The antimicrobial effect of active films comparing to the LDPE film on S. cerevisiae during 14 days is shown in Figure 7(b). As is obvious, the trend of the effect of the PE-Leaf-5 films on S. cerevisiae was similar to the effect of these films on A. niger. The antimicrobial effect of the PE-Leaf-5 resulted in 0.35, 1.65, and 2.68 logarithmic cycles decrease in the 1st, 7th, and 14th days, compared to the initial rate of yeast (105), respectively.

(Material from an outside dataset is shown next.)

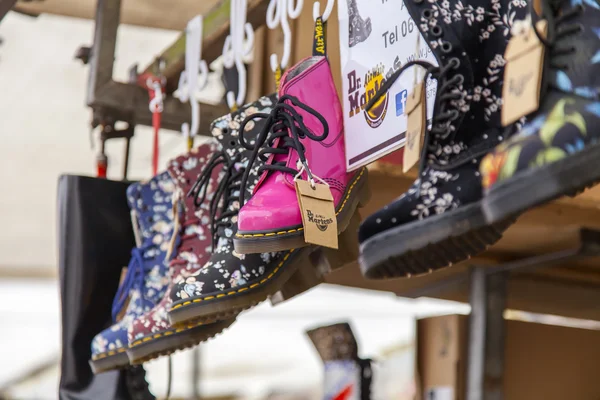 Amsterdam, Niederlande am 30. März 2016. Verkauf moderner, stilvoller Schuhe auf einem Flohmarkt — Stockfoto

The results of the antimicrobial performance of PE-Gum-5 on S. cerevisiae activity (Figure 7(b)) showed that with increasing the time, the antimicrobial effect of films increased. It can be related to the dissolution and release of antimicrobial compounds from the film into the culture medium containing S. cerevisiae. After 7 days, in the PE-Gum-5 a significant decrease (1.19 logarithmic cycles, compared to the first day) in the growth of S. cerevisiae was seen (). At the end of 14 days, a logarithmic cycle of decrease of 2.39 was observed in the presence of PE-Gum-5 compared to the first day. The results of Jafarzadeh et al. [39] reported that active semolina films containing zinc oxide are primarily effective on the fungi (A. niger) followed by yeasts (Candida albicans) and bacteria (S. aureus and E. coli) were effective, and the increasing in the concentration of the zinc oxide increased the antimicrobial effect, which was confirmed by the results of this study. The antimicrobial effects of the PE-Leaf and PE-Gum films can be attributed to the presence of antimicrobial compounds in the Ferula leaf and gum extracts such as α-pinene and ferulic acid, umbelliprenin, sulfur compounds, which was mentioned formerly. The bactericidal effect of soy protein isolate films containing Cortex Phellodendron extract was attributed to the release of alkaloids resulted in the degradation of the bacterial cell surface structure, which led to the release of Ca2+ and K+ from the cell and its effects on the enzymes, DNA replication, RNA transcription, and protein biosynthesis [33].

4. Conclusion

The present study aimed to investigate the properties of the LDPE active films containing different concentrations of Ferula leaf and gum extracts. The results showed that the addition of the extracts caused the disruption of the LDPE polymer matrix and affected its mechanical, thermal, optical, and microstructural properties. Increasing the extract concentration in the films decreased their elongation and tensile strength. The FTIR results also showed the partial interaction between the extract compounds and the polymer matrix. The addition of the extracts to the polymer matrix increased the transmission rate of water vapor and oxygen. The results also confirmed the good antifungal efficiency of films due to the mild release of the bioactive component of F. asafoetida. However, the mild release is desirable for the foods that gradually decayed. In general, the results showed that the LDPE-based films containing the leaf and gum extracts have a promising potential as a bioactive packaging material and can be used to improve the food safety and quality while has a good mechanical, thermal, and barrier properties.

Data Availability

The permitted part of the data used to support the findings of this study is available from the corresponding author upon request.

Conflicts of Interest

The authors declare that they have no conflicts of interest.

Acknowledgments

The authors acknowledge the Iran National Science Foundation (INSF) for financial support of this work (grant no. 9411113).